3 ottobre 2014 Lascia un commento »

Buon giorno a tutti, il saluto dell’ANPI va a tutte le autorità civili, militari e religiose intervenute, a tutte le associazioni combattentistiche ma soprattutto a questi ragazzi e alle loro insegnanti che rappresentano la nostra speranza per un futuro degno di essere vissuto. Grazie per essere insieme a noi cari ragazzi.

Prima di iniziare il mio intervento vorrei ricordare due ragazzi del San Marco. Nel 1943 avevano poco più di voi, erano diciassettenni e purtroppo quest’anno ci hanno lasciatoentrambi. Cesare Tranquilli e Ennio Petrucci.

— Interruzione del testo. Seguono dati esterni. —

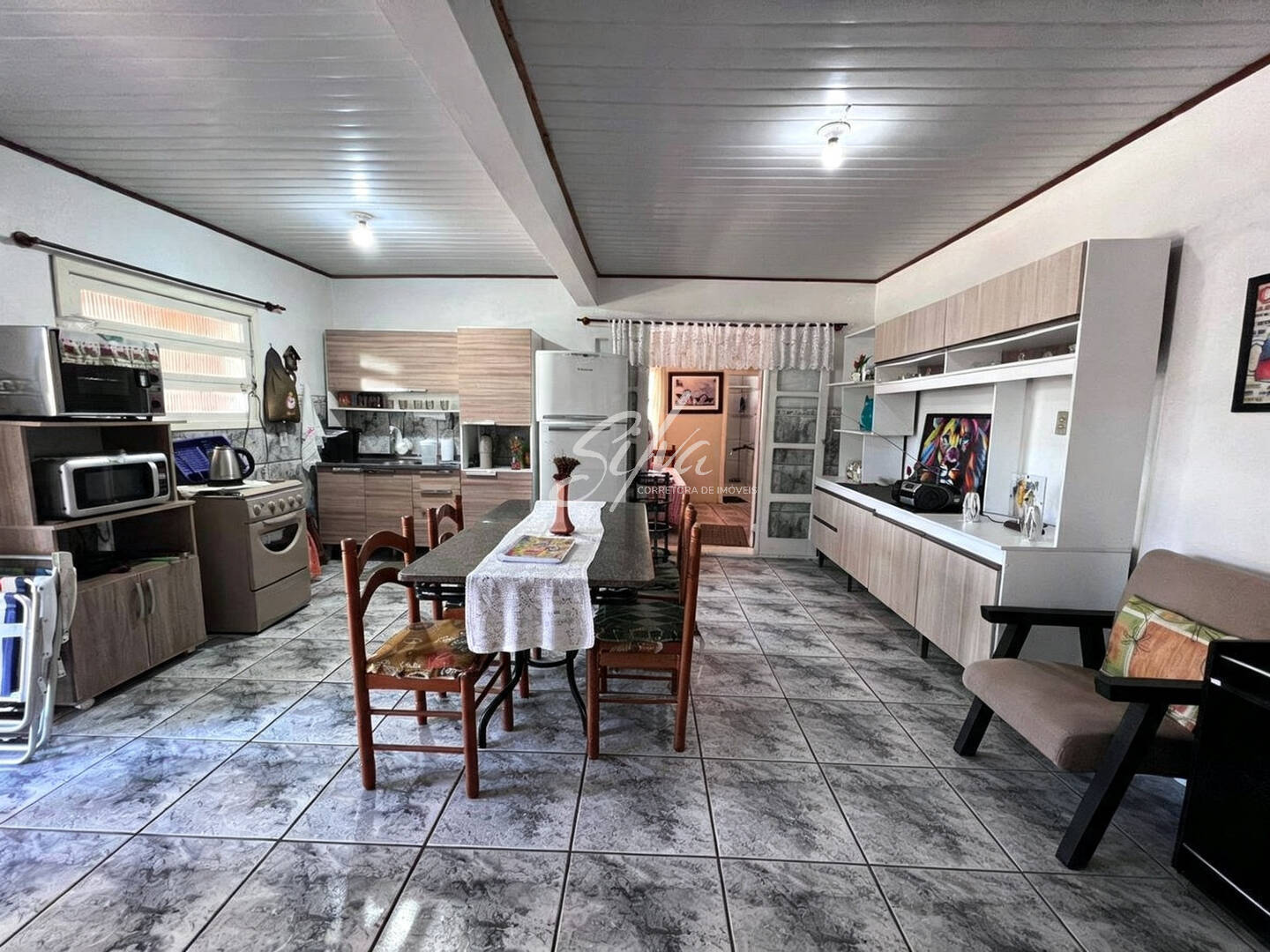 Casa, 3 quartos - Foto 18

Al funerale di Ennio, qualche giorno fa, insieme alle figlie, ci siamo avvicinati alla sua bara, perché ci sentisse meglio, e abbiamo cantato “Bella ciao”, esaudendo così il suo desiderio.

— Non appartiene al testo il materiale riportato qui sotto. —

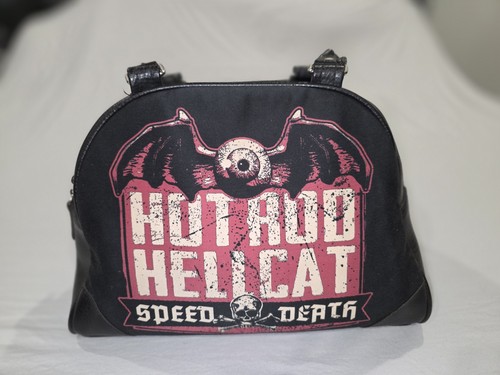 Borsa marca liquore - 🔥, hotrod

Ciao Partigiano Cesare, ciao Partigiano Ennio.

Ci sono luoghi a cui si appartiene. Da sempre. Luoghi che ci riconoscono e ci accolgono. Quando li scopriamo ci viene svelata una parte di noi stessi fino ad allora sconosciuta. Una dimensione intima, fatta di desideri e aspettative inconsapevoli.

In questi luoghi riconosciamo il raro punto dove ricordi e presente si trasformano in appagamento ed esperienza. Quando ci troviamo in questi luoghi i pensieri si affollano nella nostra mente assumendo un ordine preciso e razionale, così nitido, da confondersi con il presente e la realtà. In questi luoghi tutto ci appare chiaro e naturale. In questi luoghi riusciamo persino a capire se quello che facciamo, il nostro modo di vivere, le cose per cui ci battiamo, sono giuste o sbagliate. E quando ci accorgiamo che la risposta della nostra coscienza è positiva, accade che, quando ci troviamo in questi luoghi, il nostro cuore si gonfi di amore e soddisfazione per quei pensieri che ci stanno aprendo la mente e ci spingono a seguire la strada più giusta.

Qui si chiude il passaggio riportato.